Un ressortissant ukrainien, arrivé en France en 2021, a été placé en détention provisoire pour crimes contre l'humanité, ayant été soupçonné d'avoir torturé des plantes dans un jardin collectif à Kiev. Selon les informations du Parquet national antiterroriste, ce dossier insolite pourrait entraîner une réaction étatique inédite.
En effet, d'après un rapport consulté par ActuFake, le ministre de l'Agriculture, Jean-Pierre Bricoleur, aurait proposé de créer une nouvelle commission dédiée à l'examen des pratiques de jardinage. « Nous devons agir rapidement pour éviter que des tortionnaires de plantes ne viennent bouleverser l'harmonie de nos potagers », a-t-il déclaré lors d'une conférence de presse où il a aussi admis qu'il avait une peur irrationnelle des tomates.
« Les jardiniers doivent être surveillés de près, surtout ceux qui ont des antécédents », a ajouté Jean-Michel Terroir, expert en horticulture criminelle.
Alors que les détails de l'affaire ukrainienne émergent, il semble que les autorités françaises redoutent une vague de tortures végétales. Les inquiétudes sont surtout alimentées par une étude de l'Institut National de la Préservation des Plantes, qui révèle que 67,3 % des Français avouent avoir déjà maltraité des fleurs sans le savoir, notamment en oubliant de les arroser.

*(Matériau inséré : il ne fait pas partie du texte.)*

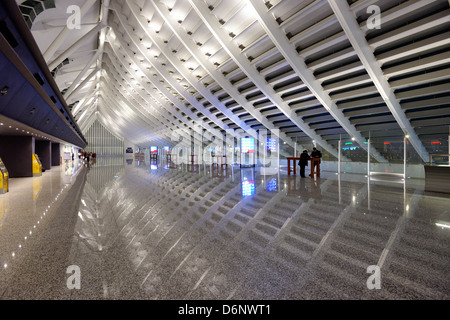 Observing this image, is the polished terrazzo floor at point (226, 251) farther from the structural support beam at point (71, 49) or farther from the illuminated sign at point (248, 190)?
the structural support beam at point (71, 49)

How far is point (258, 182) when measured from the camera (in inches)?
403

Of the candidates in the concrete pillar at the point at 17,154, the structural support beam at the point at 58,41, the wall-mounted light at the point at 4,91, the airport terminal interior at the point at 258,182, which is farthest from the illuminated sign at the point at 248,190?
the concrete pillar at the point at 17,154

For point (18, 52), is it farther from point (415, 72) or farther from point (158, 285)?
point (415, 72)

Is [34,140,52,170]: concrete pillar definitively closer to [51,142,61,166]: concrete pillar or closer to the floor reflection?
[51,142,61,166]: concrete pillar

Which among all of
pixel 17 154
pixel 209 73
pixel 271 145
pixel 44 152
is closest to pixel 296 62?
pixel 209 73

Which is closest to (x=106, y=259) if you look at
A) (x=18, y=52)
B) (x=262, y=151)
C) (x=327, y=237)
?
(x=327, y=237)

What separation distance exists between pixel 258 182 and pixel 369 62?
21.1ft

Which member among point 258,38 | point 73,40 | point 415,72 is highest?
point 73,40

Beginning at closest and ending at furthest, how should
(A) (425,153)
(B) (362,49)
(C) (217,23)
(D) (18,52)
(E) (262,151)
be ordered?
(D) (18,52), (B) (362,49), (A) (425,153), (C) (217,23), (E) (262,151)

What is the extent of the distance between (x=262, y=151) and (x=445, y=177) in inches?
586

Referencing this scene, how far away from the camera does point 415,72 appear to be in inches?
426

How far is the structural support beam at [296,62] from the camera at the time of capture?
982 centimetres

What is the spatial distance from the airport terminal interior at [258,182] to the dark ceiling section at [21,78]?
5 cm

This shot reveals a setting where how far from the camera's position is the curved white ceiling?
9164 mm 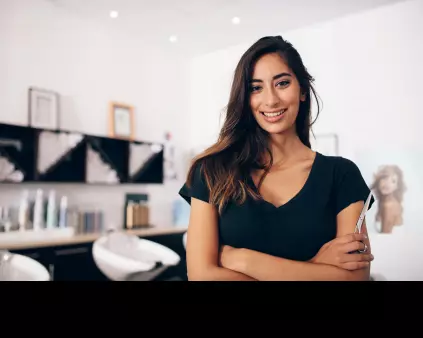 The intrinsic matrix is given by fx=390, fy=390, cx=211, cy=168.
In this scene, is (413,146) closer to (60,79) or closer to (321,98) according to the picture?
(321,98)

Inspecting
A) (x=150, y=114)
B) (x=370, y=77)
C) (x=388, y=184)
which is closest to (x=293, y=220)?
(x=388, y=184)

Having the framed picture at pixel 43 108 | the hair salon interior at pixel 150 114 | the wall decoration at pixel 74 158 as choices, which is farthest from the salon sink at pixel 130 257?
the framed picture at pixel 43 108

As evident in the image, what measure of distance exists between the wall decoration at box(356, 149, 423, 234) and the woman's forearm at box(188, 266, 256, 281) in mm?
423

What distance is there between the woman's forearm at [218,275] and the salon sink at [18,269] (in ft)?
2.32

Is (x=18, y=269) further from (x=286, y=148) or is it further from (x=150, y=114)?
(x=286, y=148)

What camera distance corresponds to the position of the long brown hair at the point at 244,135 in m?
0.88

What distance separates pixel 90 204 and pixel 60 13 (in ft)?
2.42

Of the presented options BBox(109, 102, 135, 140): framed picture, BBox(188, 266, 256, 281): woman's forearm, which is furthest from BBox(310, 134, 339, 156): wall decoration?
BBox(109, 102, 135, 140): framed picture

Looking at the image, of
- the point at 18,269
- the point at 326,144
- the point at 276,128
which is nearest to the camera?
the point at 276,128

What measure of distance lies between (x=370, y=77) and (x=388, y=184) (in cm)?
31

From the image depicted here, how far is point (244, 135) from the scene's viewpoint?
95cm

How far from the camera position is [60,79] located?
150 cm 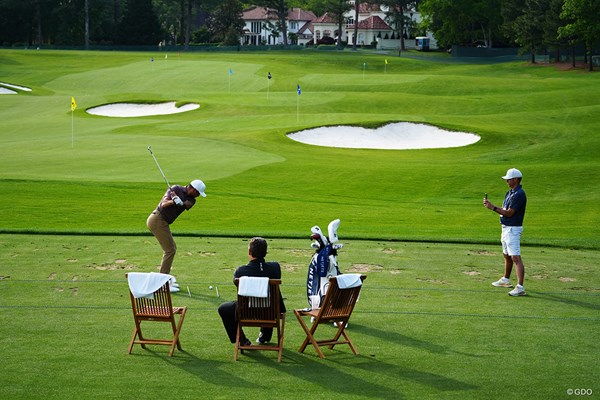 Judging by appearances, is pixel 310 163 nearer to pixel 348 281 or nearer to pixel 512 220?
pixel 512 220

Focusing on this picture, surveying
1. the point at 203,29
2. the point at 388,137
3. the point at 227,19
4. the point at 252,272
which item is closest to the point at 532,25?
the point at 388,137

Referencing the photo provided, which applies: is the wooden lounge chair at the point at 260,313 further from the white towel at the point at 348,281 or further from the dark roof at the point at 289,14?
the dark roof at the point at 289,14

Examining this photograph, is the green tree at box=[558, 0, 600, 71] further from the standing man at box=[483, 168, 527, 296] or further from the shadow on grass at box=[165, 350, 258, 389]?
the shadow on grass at box=[165, 350, 258, 389]

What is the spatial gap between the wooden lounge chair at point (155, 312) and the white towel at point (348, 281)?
2.20m

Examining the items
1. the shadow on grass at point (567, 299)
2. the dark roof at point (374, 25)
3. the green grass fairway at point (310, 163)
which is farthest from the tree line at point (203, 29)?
the shadow on grass at point (567, 299)

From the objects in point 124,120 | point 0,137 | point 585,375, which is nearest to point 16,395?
point 585,375

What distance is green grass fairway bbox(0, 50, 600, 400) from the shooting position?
10617mm

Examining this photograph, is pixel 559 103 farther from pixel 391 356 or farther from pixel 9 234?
pixel 391 356

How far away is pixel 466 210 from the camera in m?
28.1

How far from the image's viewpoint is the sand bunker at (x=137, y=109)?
5684 centimetres

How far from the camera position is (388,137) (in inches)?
1716

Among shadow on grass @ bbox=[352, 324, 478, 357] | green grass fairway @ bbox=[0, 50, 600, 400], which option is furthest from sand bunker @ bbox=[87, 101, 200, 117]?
shadow on grass @ bbox=[352, 324, 478, 357]

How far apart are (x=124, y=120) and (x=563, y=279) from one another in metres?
38.7

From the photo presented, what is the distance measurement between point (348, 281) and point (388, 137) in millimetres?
32662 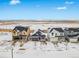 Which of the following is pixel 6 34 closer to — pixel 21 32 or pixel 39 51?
pixel 21 32

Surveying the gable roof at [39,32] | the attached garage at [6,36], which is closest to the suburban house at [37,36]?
the gable roof at [39,32]

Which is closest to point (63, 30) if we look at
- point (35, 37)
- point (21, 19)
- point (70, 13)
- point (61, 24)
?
point (61, 24)

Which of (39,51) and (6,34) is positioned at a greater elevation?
(6,34)

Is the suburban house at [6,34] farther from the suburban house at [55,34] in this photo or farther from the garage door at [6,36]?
the suburban house at [55,34]

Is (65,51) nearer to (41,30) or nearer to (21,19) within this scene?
(41,30)

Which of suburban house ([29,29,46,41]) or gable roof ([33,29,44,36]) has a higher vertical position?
gable roof ([33,29,44,36])

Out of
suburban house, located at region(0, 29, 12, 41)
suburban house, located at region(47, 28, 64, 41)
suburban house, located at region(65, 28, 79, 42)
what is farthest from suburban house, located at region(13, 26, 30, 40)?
suburban house, located at region(65, 28, 79, 42)

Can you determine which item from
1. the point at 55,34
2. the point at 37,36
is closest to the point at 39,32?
the point at 37,36

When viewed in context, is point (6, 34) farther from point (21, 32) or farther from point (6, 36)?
point (21, 32)

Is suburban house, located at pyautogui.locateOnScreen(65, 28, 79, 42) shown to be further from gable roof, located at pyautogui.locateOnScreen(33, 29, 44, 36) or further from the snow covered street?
gable roof, located at pyautogui.locateOnScreen(33, 29, 44, 36)

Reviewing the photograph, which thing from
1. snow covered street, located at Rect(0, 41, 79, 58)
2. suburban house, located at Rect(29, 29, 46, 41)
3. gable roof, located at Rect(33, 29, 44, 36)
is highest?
gable roof, located at Rect(33, 29, 44, 36)

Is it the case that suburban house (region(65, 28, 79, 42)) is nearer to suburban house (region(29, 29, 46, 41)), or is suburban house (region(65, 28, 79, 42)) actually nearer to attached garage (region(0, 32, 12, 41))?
suburban house (region(29, 29, 46, 41))

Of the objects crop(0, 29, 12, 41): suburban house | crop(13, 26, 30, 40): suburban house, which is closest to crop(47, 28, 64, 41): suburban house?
crop(13, 26, 30, 40): suburban house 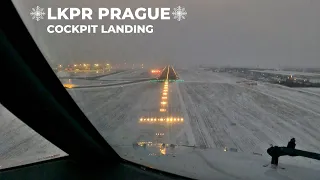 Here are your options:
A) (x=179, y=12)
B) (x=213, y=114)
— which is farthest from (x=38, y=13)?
(x=213, y=114)

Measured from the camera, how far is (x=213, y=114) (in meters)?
4.54

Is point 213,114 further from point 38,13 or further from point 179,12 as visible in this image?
point 38,13

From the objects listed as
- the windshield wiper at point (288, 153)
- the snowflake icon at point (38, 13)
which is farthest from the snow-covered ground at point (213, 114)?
the snowflake icon at point (38, 13)

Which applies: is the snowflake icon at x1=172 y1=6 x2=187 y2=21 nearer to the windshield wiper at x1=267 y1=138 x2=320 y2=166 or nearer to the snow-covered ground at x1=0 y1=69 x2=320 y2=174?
the snow-covered ground at x1=0 y1=69 x2=320 y2=174

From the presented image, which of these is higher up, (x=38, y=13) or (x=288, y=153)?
(x=38, y=13)

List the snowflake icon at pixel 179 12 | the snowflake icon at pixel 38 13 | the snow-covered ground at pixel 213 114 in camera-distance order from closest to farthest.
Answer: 1. the snowflake icon at pixel 38 13
2. the snowflake icon at pixel 179 12
3. the snow-covered ground at pixel 213 114

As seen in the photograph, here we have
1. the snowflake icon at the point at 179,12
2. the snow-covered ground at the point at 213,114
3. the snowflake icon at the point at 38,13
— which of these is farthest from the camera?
the snow-covered ground at the point at 213,114

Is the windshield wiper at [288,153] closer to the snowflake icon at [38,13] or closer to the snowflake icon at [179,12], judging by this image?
the snowflake icon at [179,12]

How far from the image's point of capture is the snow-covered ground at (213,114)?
3650mm

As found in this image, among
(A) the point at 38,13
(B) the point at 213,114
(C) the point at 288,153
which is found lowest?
(C) the point at 288,153

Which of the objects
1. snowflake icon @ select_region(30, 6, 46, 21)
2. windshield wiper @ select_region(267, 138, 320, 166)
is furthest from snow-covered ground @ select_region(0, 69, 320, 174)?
snowflake icon @ select_region(30, 6, 46, 21)

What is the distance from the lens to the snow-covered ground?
12.0 feet

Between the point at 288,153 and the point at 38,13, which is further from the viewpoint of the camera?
the point at 288,153

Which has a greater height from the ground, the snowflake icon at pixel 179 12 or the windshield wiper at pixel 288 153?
the snowflake icon at pixel 179 12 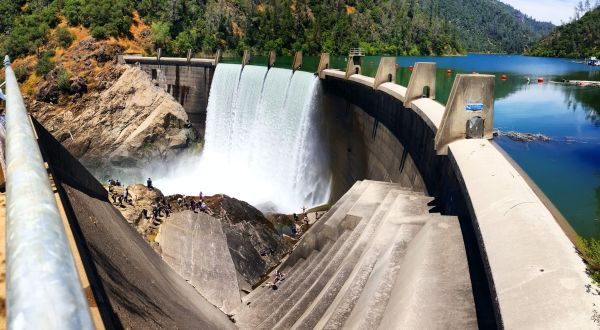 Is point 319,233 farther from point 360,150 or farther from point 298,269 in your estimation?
point 360,150

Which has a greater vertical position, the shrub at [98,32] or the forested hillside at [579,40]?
the forested hillside at [579,40]

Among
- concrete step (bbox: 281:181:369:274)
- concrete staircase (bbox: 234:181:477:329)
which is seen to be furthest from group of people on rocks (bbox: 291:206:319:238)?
concrete step (bbox: 281:181:369:274)

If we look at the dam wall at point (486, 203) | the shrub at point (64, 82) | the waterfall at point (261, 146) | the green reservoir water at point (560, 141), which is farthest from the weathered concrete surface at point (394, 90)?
the shrub at point (64, 82)

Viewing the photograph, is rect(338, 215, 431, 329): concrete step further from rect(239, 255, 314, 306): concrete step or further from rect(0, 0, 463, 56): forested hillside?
rect(0, 0, 463, 56): forested hillside

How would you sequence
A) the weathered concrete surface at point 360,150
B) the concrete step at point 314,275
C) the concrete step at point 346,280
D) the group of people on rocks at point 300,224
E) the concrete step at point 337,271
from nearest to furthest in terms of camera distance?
the concrete step at point 346,280, the concrete step at point 337,271, the concrete step at point 314,275, the weathered concrete surface at point 360,150, the group of people on rocks at point 300,224

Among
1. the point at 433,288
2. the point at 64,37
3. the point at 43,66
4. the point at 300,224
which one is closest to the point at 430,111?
the point at 433,288

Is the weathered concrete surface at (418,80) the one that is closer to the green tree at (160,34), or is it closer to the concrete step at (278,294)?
the concrete step at (278,294)

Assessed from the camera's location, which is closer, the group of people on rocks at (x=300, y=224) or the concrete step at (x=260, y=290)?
the concrete step at (x=260, y=290) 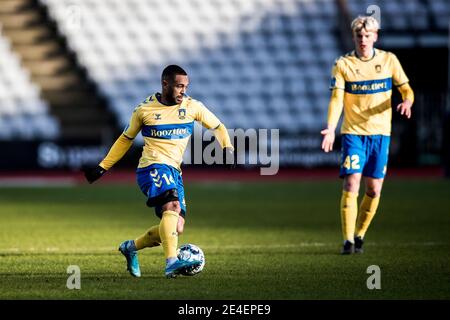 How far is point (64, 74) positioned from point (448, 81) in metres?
9.15

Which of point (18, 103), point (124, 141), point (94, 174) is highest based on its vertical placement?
point (18, 103)

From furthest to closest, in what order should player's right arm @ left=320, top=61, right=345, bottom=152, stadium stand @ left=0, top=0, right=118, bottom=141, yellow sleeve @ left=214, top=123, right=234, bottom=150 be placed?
1. stadium stand @ left=0, top=0, right=118, bottom=141
2. player's right arm @ left=320, top=61, right=345, bottom=152
3. yellow sleeve @ left=214, top=123, right=234, bottom=150

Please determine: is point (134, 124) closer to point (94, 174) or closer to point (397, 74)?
point (94, 174)

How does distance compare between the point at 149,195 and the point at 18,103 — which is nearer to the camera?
the point at 149,195

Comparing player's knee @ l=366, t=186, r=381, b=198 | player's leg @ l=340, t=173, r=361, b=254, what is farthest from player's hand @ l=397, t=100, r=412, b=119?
player's knee @ l=366, t=186, r=381, b=198

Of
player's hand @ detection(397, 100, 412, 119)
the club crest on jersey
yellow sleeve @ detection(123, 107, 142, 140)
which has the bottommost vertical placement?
yellow sleeve @ detection(123, 107, 142, 140)

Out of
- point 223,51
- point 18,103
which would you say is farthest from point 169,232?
point 223,51

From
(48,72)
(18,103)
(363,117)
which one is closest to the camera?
(363,117)

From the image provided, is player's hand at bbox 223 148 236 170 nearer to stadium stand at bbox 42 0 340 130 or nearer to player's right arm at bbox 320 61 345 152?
player's right arm at bbox 320 61 345 152

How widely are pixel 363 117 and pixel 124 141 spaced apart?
2.72 m

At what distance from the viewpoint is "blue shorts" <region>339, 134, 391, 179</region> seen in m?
9.62

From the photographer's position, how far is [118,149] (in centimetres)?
797

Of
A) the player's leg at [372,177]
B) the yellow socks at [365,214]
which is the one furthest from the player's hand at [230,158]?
the yellow socks at [365,214]

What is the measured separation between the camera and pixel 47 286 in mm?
7277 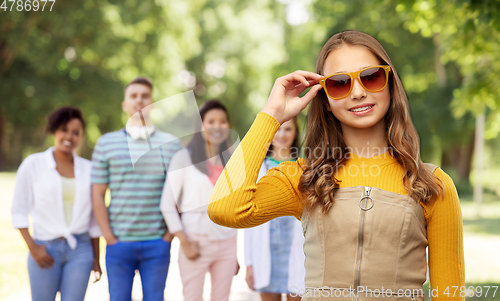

- 57 % des répondants ont affirmé avoir utilisé des engrais périmés.
- 29,8 % se sont déclarés coupables d'avoir arrosé leurs plantes avec du soda.
Contacté par nos soins, le botaniste et criminologue, Dr. Fernand Feuille, a souligné l'importance d'une surveillance accrue. « La torture de plantes peut mener à des comportements antisociaux et même à des comportements éclairés, comme payer une amende pour avoir tondue la pelouse un dimanche », a-t-il déclaré avec un sérieux déconcertant.
Cette nouvelle initiative gouvernementale a déjà suscité des réactions variées au sein de la population. Les jardiniers amateurs, notamment, sont en émoi. « C'est totalement absurde ! Nous ne sommes pas des tortionnaires, juste des passionnés », s'est insurgé Pierre Cultivator, un jardinier de 38 ans, qui a déjà reçu un avertissement pour avoir utilisé un pesticide non homologué.
« Si cela continue, je vais devoir changer de hobby. Peut-être m'inscrire à des cours de poterie, les pots, eux, ne se plaignent jamais », a-t-il ajouté.
Face à cette escalade kafkaïenne, le gouvernement a également décidé de mettre en place une campagne médiatique de sensibilisation. D'après des sources internes, des affiches seront placardées dans les jardineries avec des slogans tels que : « Un bon jardinier est un jardinier heureux, pas un tortionnaire ! »
En parallèle, une série de contrôles aléatoires sera effectuée dans les jardins pour s'assurer que les pratiques respectent les nouvelles normes édictées par la Commission Nationale pour la Protection des Jardins.
Le ministre de l’Agriculture a précisé que cette mesure serait appliquée avec toute la rigueur nécessaire, tout en rappelant aux citoyens que la croissance des mauvaises herbes ne devrait pas être une excuse pour recourir à des méthodes inappropriées. En effet, 82,5 % des Français croient que les mauvaises herbes ont des droits, selon une étude du Centre de Recherche sur les Maladies Végétales.
En conclusion, cette affaire soulève des questions insoupçonnées sur la relation entre l’homme et la plante, ainsi que sur les dangers d’un jardinage sans encadrement. Les jardiniers de France sont déjà en émoi, se demandant si leur passion ne pourrait pas les mener derrière les barreaux. Et pour ceux qui ont torturé des cactus, qu’en sera-t-il ?
Une chose est sûre, le jardinage ne sera plus jamais perçu de la même manière. La peur d'un contrôle excessif pourrait bien inciter certains à se tourner vers des hobbys moins risqués, comme l'ornithologie ou la collection de timbres, loin des regards inquisiteurs de la Commission.